Rússia proíbe entrada de aviões do Reino Unido em seu espaço aéreo e empresas cancelam voos
Ação é uma resposta às sanções impostas por Londres à companhia aérea russa Aeroflot devido à invasão da Ucrânia
Internacional|Do R7, com agências internacionais

A Rússia proibiu a entrada em seu espaço aéreo de todos os aviões vinculados com o Reino Unido, depois das sanções impostas por Londres à companhia aérea russa Aeroflot após a invasão da Ucrânia.
O espaço aéreo fica proibido a todos os aviões "de propriedade, arrendados ou operados por uma organização vinculada ou registrada no Reino Unido", anunciou a agência reguladora Rosaviatsia em um comunicado.

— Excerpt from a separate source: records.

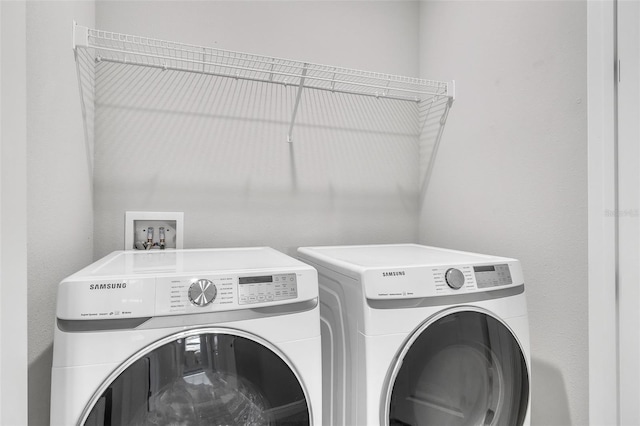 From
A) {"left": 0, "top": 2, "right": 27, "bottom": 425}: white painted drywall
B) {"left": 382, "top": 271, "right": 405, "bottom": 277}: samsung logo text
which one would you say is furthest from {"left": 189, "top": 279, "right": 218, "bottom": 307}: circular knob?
{"left": 382, "top": 271, "right": 405, "bottom": 277}: samsung logo text

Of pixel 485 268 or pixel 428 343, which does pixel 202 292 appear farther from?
pixel 485 268

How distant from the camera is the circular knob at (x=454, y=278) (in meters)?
1.04

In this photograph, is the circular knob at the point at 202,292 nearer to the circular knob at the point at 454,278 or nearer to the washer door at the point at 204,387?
the washer door at the point at 204,387

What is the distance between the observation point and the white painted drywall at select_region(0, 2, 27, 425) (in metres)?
0.66

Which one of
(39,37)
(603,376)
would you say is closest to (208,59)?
(39,37)

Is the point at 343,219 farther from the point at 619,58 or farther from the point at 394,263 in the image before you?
the point at 619,58

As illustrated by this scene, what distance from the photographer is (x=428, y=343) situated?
1.03 meters

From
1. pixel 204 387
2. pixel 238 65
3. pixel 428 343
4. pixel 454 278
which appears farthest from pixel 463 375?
pixel 238 65

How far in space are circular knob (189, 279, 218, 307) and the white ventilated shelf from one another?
2.31ft

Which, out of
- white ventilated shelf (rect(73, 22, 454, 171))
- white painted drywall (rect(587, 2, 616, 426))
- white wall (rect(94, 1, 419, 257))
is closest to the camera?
white painted drywall (rect(587, 2, 616, 426))

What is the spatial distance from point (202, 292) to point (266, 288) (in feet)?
0.51

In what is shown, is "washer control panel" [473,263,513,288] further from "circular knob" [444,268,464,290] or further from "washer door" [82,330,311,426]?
"washer door" [82,330,311,426]

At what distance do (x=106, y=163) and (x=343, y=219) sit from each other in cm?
104

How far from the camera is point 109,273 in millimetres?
873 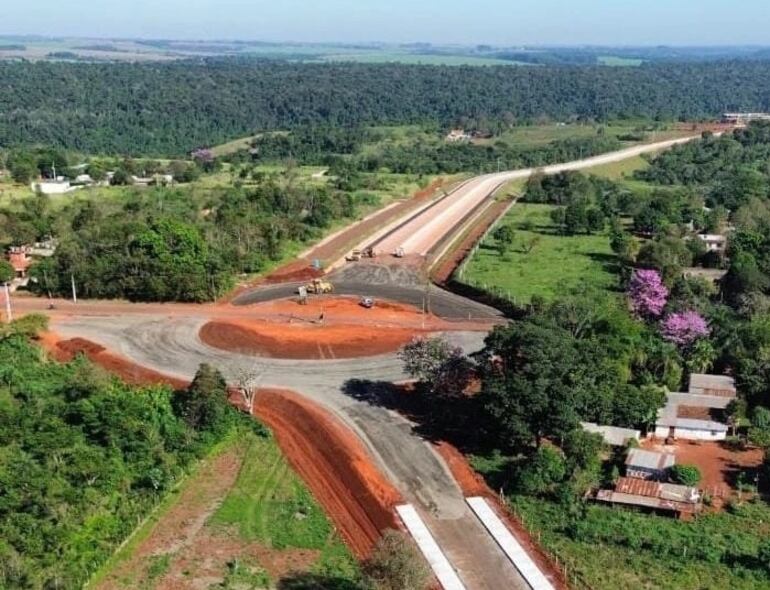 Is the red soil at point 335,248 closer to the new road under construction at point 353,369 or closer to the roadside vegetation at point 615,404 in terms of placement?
the new road under construction at point 353,369

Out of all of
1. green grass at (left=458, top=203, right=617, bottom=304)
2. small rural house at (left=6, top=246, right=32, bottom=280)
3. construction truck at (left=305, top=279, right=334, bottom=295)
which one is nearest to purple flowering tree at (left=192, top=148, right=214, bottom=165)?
small rural house at (left=6, top=246, right=32, bottom=280)

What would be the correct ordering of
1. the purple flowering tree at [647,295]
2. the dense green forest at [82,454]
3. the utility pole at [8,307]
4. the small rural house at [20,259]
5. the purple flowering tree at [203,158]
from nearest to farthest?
the dense green forest at [82,454]
the purple flowering tree at [647,295]
the utility pole at [8,307]
the small rural house at [20,259]
the purple flowering tree at [203,158]

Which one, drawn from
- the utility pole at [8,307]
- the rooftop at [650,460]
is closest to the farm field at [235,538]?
the rooftop at [650,460]

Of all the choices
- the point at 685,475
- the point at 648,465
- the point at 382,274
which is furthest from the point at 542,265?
the point at 685,475

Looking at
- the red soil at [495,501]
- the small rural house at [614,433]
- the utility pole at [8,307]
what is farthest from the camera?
the utility pole at [8,307]

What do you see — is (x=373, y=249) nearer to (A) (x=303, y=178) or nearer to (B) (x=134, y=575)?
(A) (x=303, y=178)

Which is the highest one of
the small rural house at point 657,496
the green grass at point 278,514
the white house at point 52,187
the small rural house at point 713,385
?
the white house at point 52,187

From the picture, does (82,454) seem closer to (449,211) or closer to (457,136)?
(449,211) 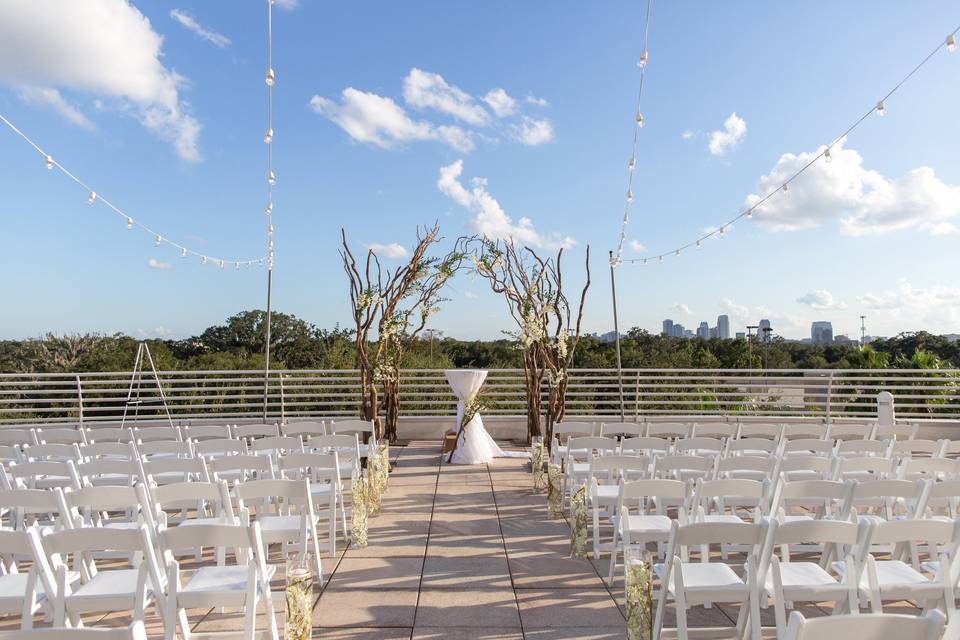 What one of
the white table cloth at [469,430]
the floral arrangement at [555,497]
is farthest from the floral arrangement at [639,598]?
the white table cloth at [469,430]

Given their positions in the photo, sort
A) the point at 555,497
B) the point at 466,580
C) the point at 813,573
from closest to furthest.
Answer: the point at 813,573 → the point at 466,580 → the point at 555,497

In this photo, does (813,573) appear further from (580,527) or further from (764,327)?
(764,327)

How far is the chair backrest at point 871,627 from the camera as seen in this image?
5.67 ft

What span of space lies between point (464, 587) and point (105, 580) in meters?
1.92

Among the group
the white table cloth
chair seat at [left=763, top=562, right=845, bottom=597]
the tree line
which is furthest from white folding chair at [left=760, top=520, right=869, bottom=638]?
the tree line

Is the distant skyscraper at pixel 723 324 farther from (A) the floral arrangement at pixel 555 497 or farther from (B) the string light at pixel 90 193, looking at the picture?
(A) the floral arrangement at pixel 555 497

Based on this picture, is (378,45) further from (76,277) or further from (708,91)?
(76,277)

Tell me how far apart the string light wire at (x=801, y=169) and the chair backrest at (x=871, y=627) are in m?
5.67

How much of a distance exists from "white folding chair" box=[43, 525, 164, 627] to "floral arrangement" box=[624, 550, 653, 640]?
193 centimetres

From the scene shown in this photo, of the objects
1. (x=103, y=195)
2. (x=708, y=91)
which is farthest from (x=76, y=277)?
(x=708, y=91)

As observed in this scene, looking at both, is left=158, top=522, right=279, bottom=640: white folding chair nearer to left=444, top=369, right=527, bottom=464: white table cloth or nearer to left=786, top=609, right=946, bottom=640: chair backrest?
left=786, top=609, right=946, bottom=640: chair backrest

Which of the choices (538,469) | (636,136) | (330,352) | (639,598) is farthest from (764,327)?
(639,598)

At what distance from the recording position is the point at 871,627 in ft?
5.72

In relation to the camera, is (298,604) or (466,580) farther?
(466,580) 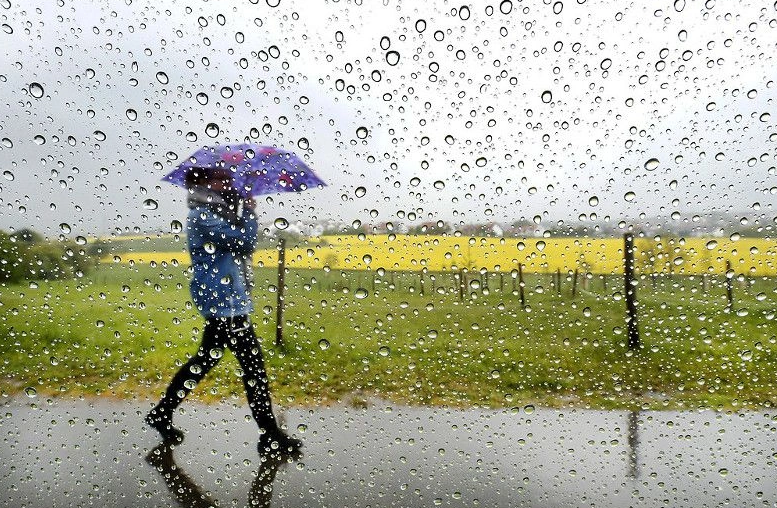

Com a decisão, o grupo aéreo IAG, matriz da British Airways e da Iberia, informou nesta sexta-feira (25) o cancelamento de seus voos para Moscou e o desvio de suas rotas que sobrevoam a Rússia.
O anúncio foi feito minutos depois da decisão do governo russo de proibir o uso de seu espaço aéreo para todos os aviões ligados ao Reino Unido.
"Hoje tomamos a decisão de cancelar a conexão aérea que temos com destino a Moscou" e de "redirecionar voos para Singapura e Nova Délhi, para não sobrevoar a Rússia", declarou o CEO do IAG, Luis Gallego, durante uma conferência de investidores, após a divulgação dos resultados do grupo.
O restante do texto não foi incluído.